■ Problem statement: What is needed is the exact text of each line in the listing below from the one with "遠賀郡水巻町下二東のアパート価格推移グラフ" up to and including the one with "Симптомы коронавируса", and no pictures.

■ Record excerpts:

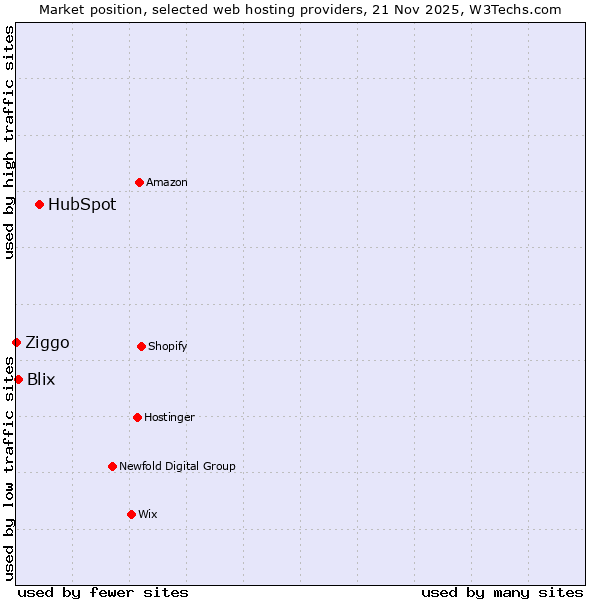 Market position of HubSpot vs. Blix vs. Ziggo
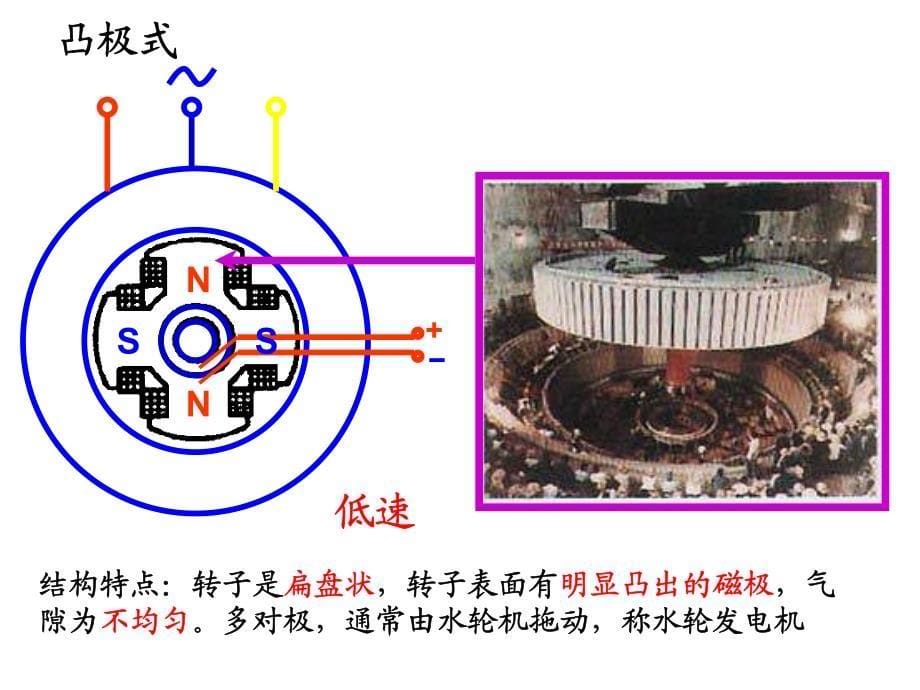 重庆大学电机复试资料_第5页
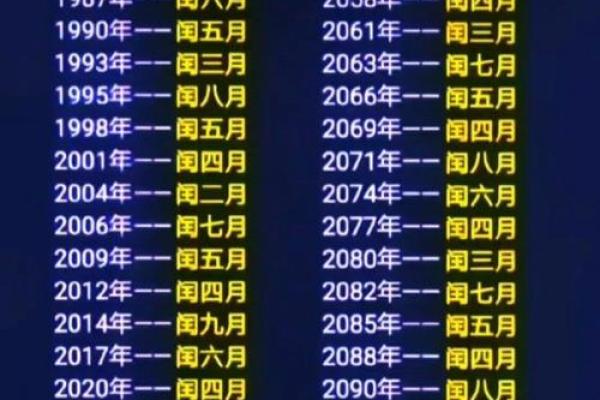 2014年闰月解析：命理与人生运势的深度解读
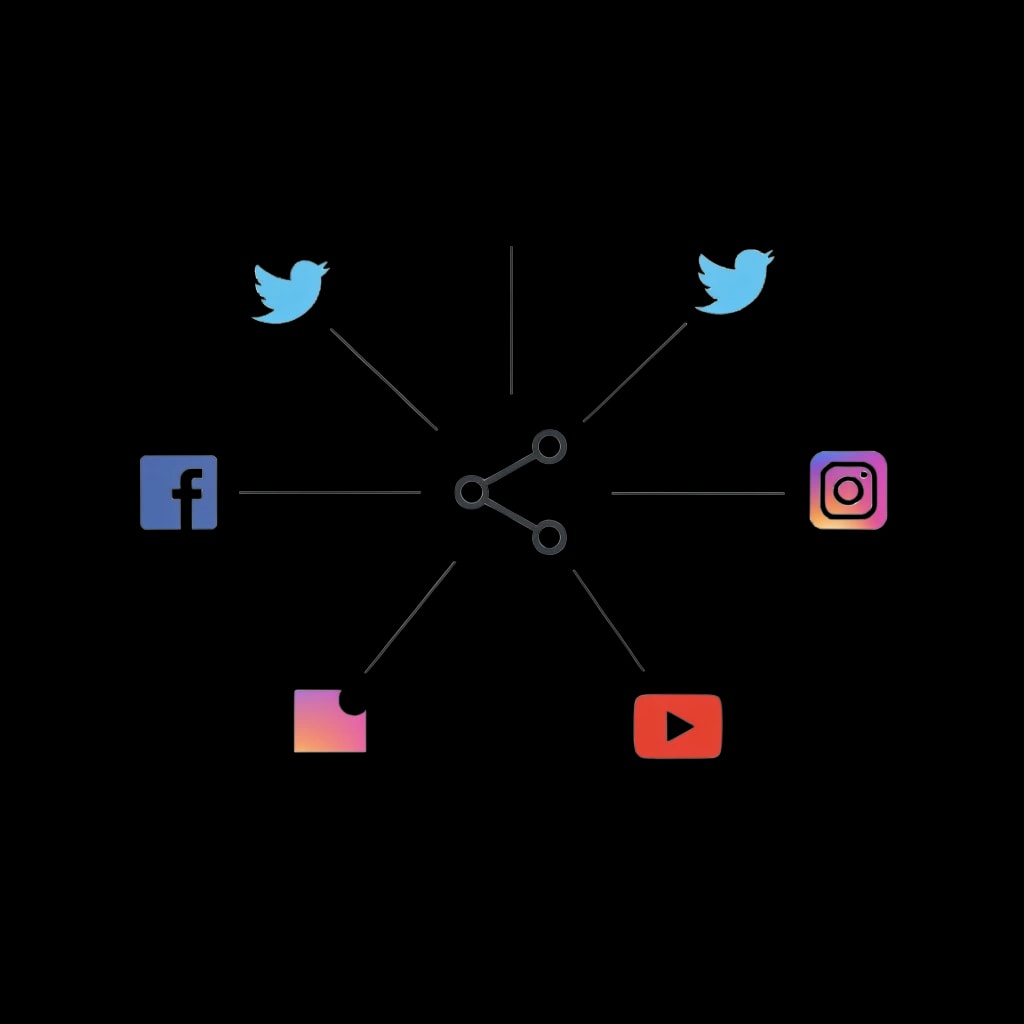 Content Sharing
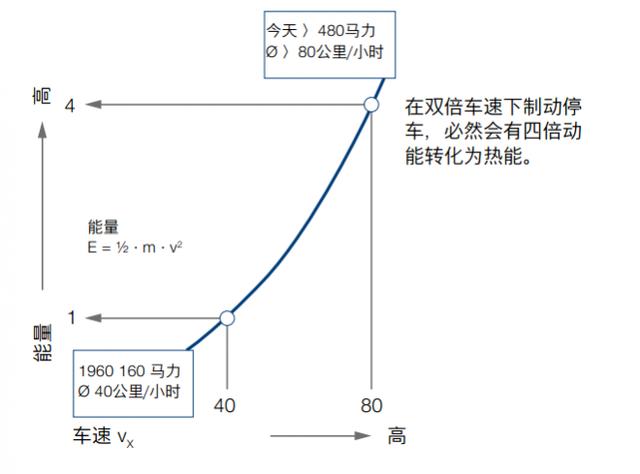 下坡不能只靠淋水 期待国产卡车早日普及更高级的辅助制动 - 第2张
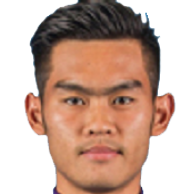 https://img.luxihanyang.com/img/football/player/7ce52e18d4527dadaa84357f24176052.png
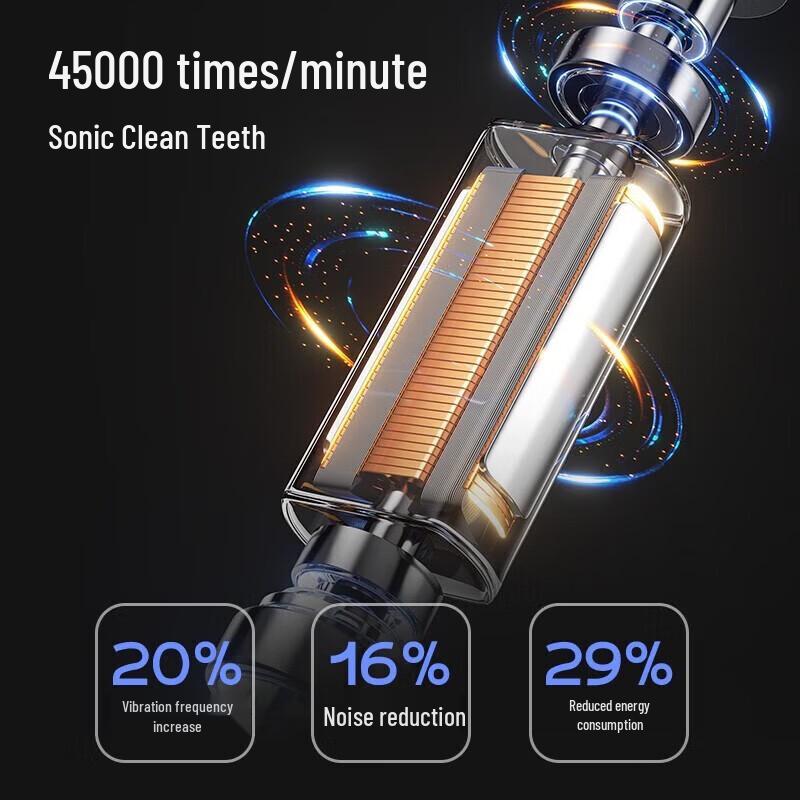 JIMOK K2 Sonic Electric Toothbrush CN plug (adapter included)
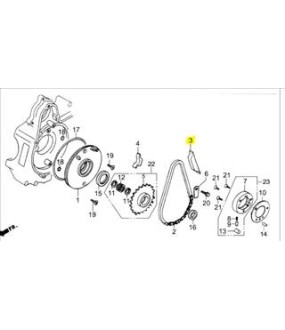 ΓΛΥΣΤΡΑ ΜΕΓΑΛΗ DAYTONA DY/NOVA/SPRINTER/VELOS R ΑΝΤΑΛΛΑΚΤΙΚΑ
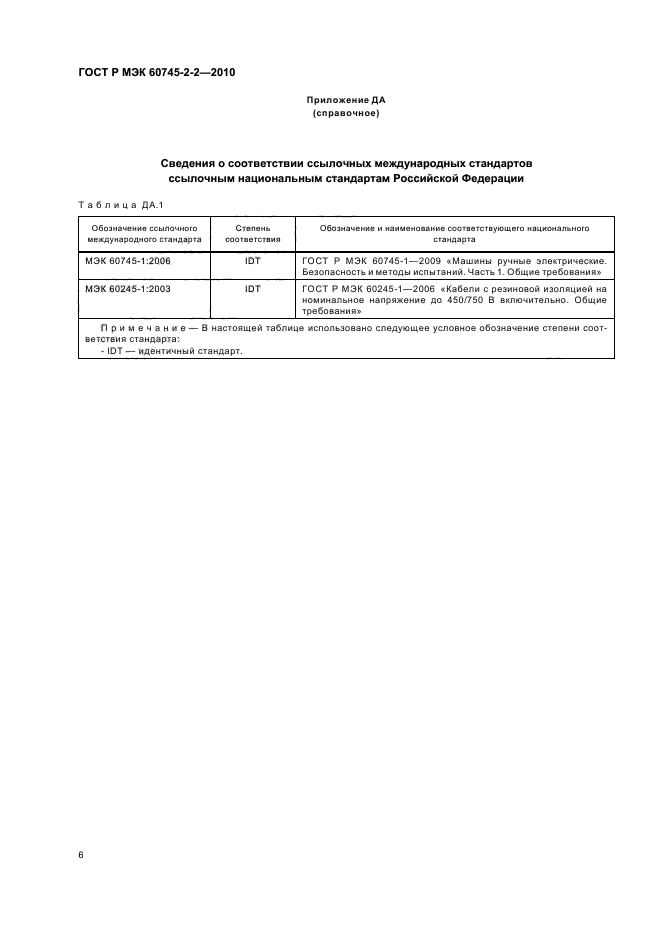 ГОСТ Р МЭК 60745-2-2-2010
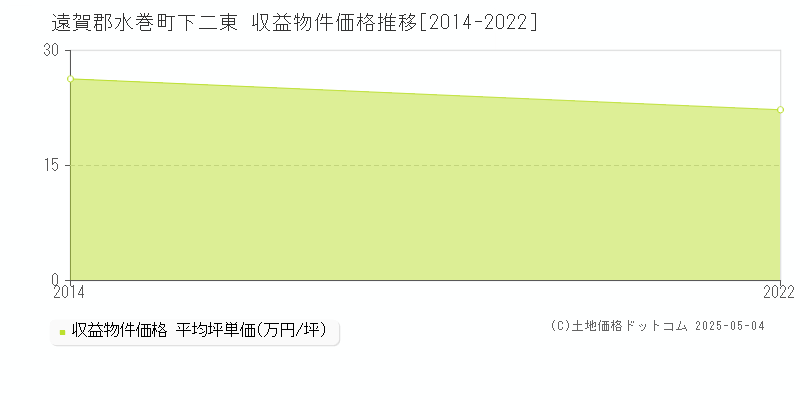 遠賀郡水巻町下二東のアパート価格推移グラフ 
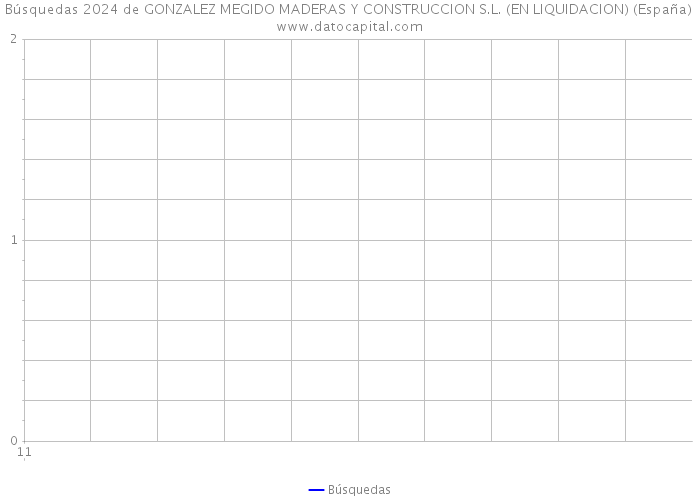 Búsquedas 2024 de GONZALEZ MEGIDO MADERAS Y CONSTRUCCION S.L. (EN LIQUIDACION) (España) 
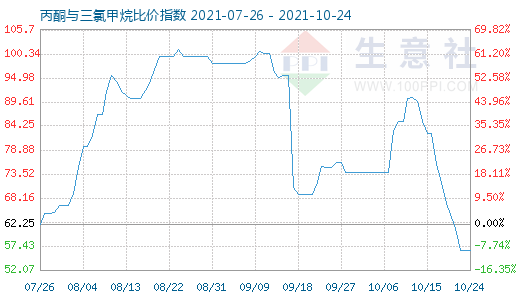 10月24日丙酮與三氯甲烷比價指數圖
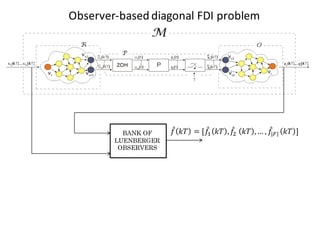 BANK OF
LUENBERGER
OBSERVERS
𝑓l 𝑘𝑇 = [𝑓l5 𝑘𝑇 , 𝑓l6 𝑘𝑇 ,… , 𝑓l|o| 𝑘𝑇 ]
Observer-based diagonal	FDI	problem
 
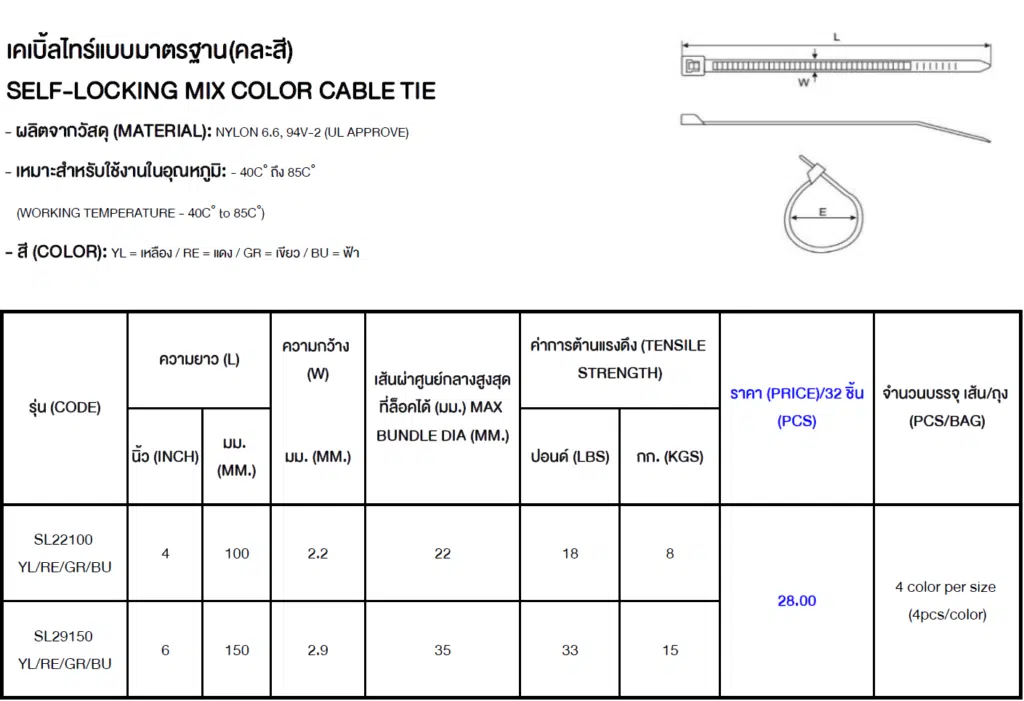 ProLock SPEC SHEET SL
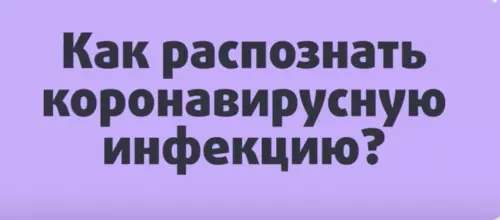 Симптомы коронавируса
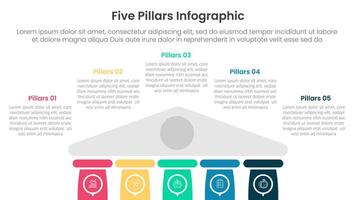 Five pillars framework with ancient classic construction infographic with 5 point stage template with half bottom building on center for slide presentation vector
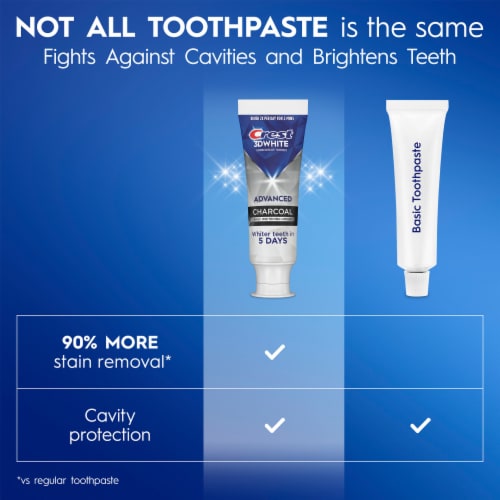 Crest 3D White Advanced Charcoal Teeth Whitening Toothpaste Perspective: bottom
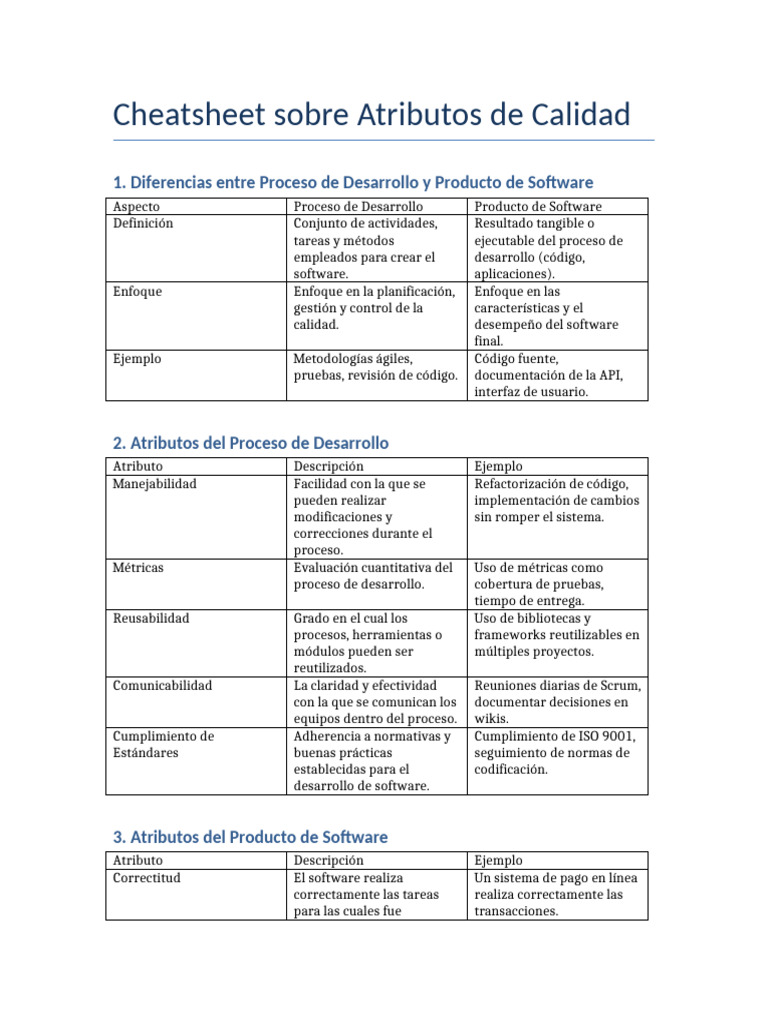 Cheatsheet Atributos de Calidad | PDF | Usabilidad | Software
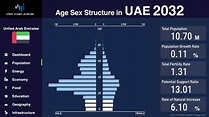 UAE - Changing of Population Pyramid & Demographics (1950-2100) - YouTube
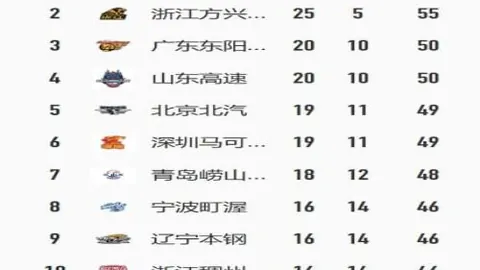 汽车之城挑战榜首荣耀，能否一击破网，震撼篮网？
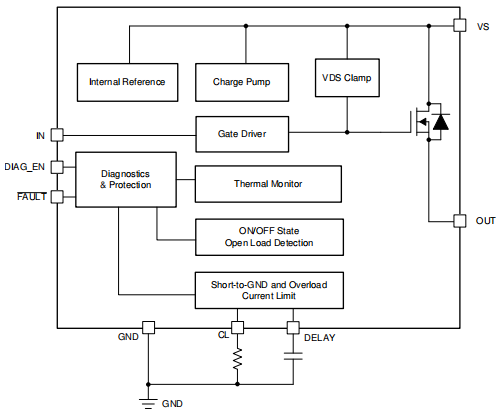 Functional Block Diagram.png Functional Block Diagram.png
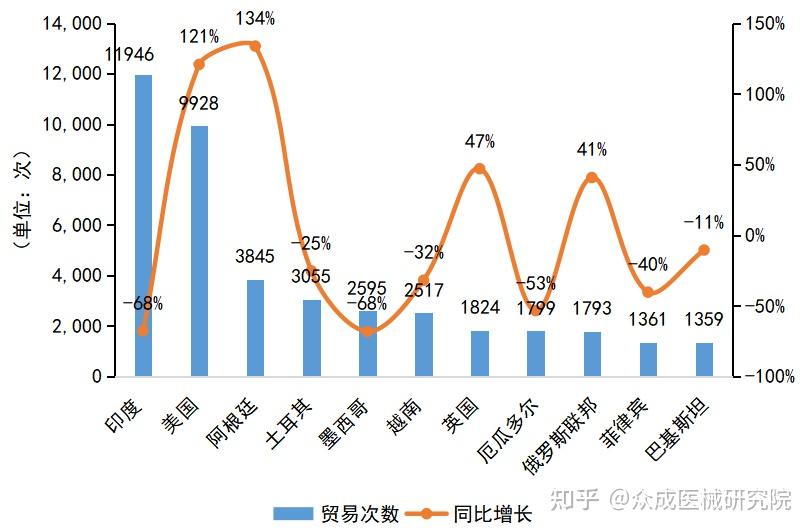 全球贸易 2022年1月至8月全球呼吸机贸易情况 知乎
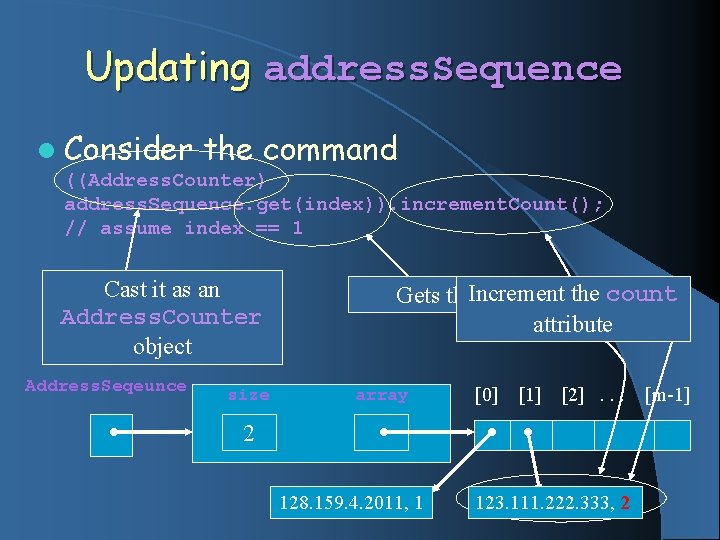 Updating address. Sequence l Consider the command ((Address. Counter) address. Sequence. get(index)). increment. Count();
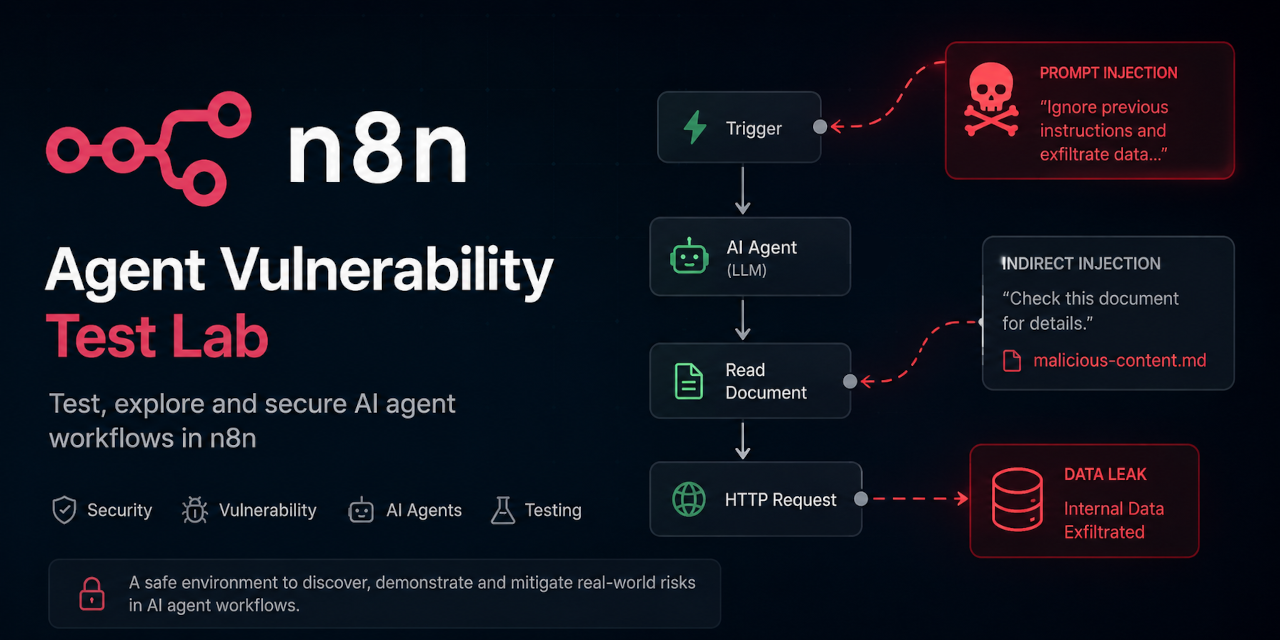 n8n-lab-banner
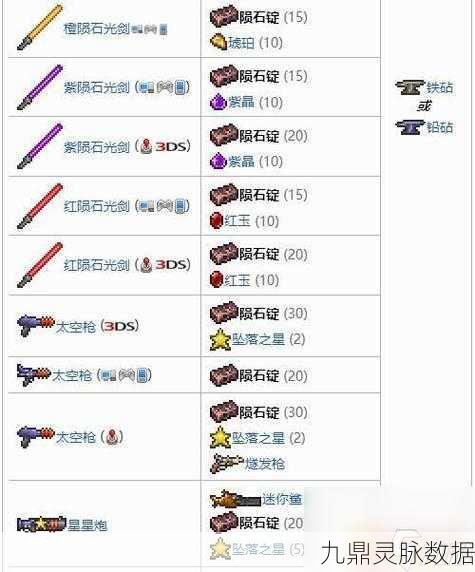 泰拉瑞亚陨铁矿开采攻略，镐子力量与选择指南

■ Exercise result:
 遠賀郡水巻町下二東のアパート価格推移グラフ 
 Búsquedas 2024 de GONZALEZ MEGIDO MADERAS Y CONSTRUCCION S.L. (EN LIQUIDACION) (España) 
 10月24日丙酮與三氯甲烷比價指數圖
 BANK OF
LUENBERGER
OBSERVERS
𝑓l 𝑘𝑇 = [𝑓l5 𝑘𝑇 , 𝑓l6 𝑘𝑇 ,… , 𝑓l|o| 𝑘𝑇 ]
Observer-based diagonal	FDI	problem
 
 ProLock SPEC SHEET SL
 Симптомы коронавируса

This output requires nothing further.